Differential question

Hi folks,

If I upgrade to a race differential, and set both Acceleration and Deceleration to 0%, would this be the same as not having a race differential at all? OR, although both values are set to 0%, is there still a notable handling difference to that of a stock differential on a given car?

Thanks,
Dave

To be honest, I don’t know.

By adding the race diff you do add weight to the car, so trying to replicate not having a diff wouldn’t make sense to me. Try it without the diff and then try it with the diff and the 0 / 0 settings and see?

Race diff does not add weight

Front engine rear wheel drive a good starting point is 60 accel and 20 decel

Setting differential to 0/0 Acc/Dec would make it “open” differential where thee power of going to wheels takes the path of least resistance, which essentially would make RWD and FWD to one wheel drive. that 1 wheel would be always the one which has least resistance, and ends up causing “one tire fire” issues to cars with any power in them.
100/100 acc/dec differential locks the axel completely together, which will resist turning, and if 1 tire on that axel loses grip, both will lose all grip at the same time, which specially in RWD cars might cause huge understeer and oversteer issues.

Most cars in game have some form of limited slip differential in them on default. and that seems to be vasying in 30-70 Acc and 0-30 Dec.
Most older cars have open differential, and they have more or less trouble with one tire fire.
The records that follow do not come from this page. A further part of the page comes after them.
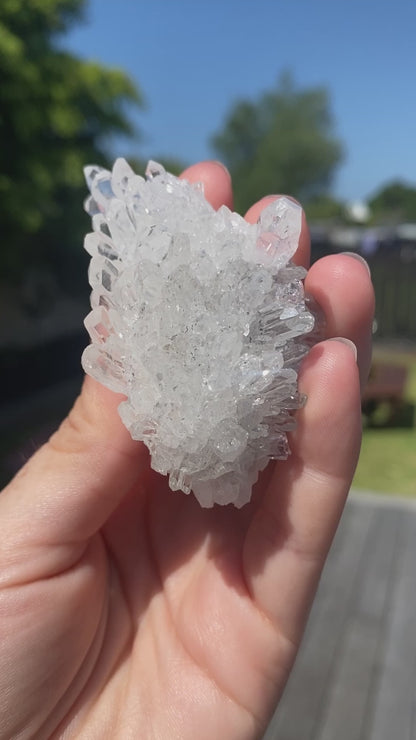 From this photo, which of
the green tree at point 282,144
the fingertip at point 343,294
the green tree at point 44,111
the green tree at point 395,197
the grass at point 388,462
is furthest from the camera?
the green tree at point 395,197

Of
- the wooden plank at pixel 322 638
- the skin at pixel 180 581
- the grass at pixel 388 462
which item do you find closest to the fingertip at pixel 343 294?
the skin at pixel 180 581

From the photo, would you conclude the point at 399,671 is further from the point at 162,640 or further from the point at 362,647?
the point at 162,640

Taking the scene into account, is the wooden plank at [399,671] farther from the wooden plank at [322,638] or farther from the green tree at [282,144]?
the green tree at [282,144]

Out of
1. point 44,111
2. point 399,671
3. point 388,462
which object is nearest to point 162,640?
point 399,671

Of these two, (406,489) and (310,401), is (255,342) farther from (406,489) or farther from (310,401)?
(406,489)

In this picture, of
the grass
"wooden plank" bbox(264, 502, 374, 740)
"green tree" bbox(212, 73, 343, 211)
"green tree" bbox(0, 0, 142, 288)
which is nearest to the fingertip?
"wooden plank" bbox(264, 502, 374, 740)

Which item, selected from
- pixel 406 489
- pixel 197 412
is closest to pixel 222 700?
pixel 197 412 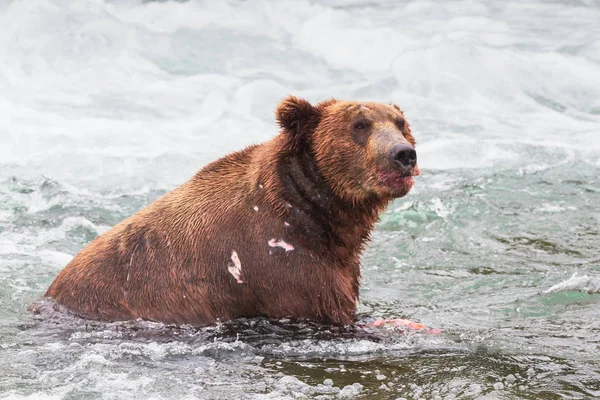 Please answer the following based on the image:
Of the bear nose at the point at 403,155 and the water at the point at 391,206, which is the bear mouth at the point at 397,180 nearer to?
the bear nose at the point at 403,155

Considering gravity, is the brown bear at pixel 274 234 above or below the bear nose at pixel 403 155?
below

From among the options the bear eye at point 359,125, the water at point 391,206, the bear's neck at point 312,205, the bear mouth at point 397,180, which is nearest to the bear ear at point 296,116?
the bear's neck at point 312,205

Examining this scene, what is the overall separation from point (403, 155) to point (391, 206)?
198 inches

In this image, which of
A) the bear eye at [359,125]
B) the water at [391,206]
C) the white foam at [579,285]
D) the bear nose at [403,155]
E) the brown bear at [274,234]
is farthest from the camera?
the white foam at [579,285]

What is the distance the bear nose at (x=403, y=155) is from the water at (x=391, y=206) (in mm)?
1071

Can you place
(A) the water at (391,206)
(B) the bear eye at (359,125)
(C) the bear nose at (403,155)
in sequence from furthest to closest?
(B) the bear eye at (359,125) → (C) the bear nose at (403,155) → (A) the water at (391,206)

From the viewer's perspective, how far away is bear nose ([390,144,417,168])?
552 centimetres

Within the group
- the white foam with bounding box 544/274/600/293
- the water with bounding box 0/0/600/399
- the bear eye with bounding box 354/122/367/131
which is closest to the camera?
the water with bounding box 0/0/600/399

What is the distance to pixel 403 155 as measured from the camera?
18.1 feet

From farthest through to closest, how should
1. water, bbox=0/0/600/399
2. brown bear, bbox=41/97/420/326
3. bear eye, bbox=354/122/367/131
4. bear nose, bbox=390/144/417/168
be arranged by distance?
bear eye, bbox=354/122/367/131, brown bear, bbox=41/97/420/326, bear nose, bbox=390/144/417/168, water, bbox=0/0/600/399

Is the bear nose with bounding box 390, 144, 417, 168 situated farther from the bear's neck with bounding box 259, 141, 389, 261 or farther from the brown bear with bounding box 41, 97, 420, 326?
the bear's neck with bounding box 259, 141, 389, 261

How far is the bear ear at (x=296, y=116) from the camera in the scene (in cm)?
585

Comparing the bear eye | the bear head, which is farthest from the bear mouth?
the bear eye

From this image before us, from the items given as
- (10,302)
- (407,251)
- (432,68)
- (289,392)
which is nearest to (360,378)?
(289,392) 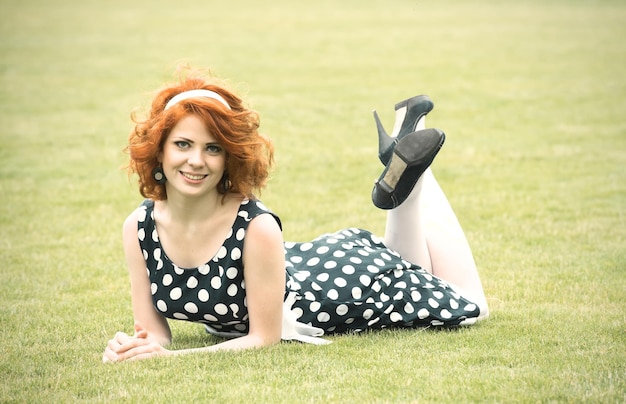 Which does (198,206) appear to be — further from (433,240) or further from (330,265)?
(433,240)

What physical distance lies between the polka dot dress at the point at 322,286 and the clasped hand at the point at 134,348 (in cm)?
24

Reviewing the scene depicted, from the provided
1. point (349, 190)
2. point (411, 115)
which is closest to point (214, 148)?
point (411, 115)

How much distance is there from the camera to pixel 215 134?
4746mm

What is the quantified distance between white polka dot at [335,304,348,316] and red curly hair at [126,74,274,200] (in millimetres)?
814

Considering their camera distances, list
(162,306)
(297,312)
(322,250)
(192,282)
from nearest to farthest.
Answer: (192,282), (162,306), (297,312), (322,250)

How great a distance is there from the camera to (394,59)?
22172 mm

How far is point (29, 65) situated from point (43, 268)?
48.8 ft

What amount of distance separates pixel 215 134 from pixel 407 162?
120 cm

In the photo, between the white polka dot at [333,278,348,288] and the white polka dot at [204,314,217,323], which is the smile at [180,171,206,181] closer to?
the white polka dot at [204,314,217,323]

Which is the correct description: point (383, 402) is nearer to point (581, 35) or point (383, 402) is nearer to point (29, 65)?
point (29, 65)

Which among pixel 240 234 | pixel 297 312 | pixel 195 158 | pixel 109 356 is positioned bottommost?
pixel 109 356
Some cars actaully have pretty good default differential and the differential upgrade is not really necessary upgrade, but most of the time you want to have some adjutsments done to the diff just to get the car handling more like you want it to handle.

1 Like

I’m sorry, but, what the actual f*** was the point in asking this question?

@Cervy, he’s just trying to learn.

@OP, as mentioned already,

0% Accel/Decel = open differential. Race differential just allows you to adjust the settings; physics wise I assume race differential works same way as in stock differential in FM.

Stock differential, if it has values, will certainly behave differently than 0%.

There are 2 aspects to differentials = when they engage/disengage & how fast they engage/disengage. FM seems to have when+how fast rolled into one % number.

Not going into the details, too much details.